**Task requirements**
Find every line of the listing below where "Handle" appears, and copy it.

--------

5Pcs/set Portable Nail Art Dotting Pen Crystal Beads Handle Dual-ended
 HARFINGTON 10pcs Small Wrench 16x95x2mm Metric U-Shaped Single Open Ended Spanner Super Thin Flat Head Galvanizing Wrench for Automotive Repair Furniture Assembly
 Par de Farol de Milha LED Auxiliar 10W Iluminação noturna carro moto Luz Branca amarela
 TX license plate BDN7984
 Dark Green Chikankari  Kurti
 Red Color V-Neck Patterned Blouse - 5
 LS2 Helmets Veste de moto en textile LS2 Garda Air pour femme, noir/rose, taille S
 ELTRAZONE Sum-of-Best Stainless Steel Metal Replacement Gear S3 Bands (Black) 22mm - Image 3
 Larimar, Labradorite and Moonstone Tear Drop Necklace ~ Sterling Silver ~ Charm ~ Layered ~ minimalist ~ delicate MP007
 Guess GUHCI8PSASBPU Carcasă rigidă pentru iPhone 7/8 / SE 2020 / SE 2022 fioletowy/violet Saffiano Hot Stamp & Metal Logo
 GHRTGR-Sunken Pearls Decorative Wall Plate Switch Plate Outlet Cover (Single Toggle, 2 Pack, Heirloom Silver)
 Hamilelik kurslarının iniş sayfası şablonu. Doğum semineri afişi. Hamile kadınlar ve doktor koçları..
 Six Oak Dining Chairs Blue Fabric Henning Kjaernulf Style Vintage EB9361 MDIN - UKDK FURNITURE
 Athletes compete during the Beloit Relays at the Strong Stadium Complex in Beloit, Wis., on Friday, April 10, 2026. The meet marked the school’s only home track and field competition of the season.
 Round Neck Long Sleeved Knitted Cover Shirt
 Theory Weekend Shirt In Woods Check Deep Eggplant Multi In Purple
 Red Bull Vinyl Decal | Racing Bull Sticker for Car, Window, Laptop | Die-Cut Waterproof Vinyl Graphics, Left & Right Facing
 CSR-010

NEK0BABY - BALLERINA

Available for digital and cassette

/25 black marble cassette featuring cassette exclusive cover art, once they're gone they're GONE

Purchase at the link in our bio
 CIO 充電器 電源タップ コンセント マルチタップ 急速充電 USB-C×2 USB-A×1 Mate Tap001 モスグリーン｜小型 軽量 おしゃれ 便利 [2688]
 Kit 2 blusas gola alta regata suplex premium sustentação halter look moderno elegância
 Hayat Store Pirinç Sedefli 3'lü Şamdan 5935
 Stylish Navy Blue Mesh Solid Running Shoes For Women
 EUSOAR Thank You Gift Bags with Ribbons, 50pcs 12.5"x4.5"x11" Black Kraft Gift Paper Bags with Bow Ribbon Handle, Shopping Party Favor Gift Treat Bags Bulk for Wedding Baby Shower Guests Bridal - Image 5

--------

**Answer section**
5Pcs/set Portable Nail Art Dotting Pen Crystal Beads Handle Dual-ended
 EUSOAR Thank You Gift Bags with Ribbons, 50pcs 12.5"x4.5"x11" Black Kraft Gift Paper Bags with Bow Ribbon Handle, Shopping Party Favor Gift Treat Bags Bulk for Wedding Baby Shower Guests Bridal - Image 5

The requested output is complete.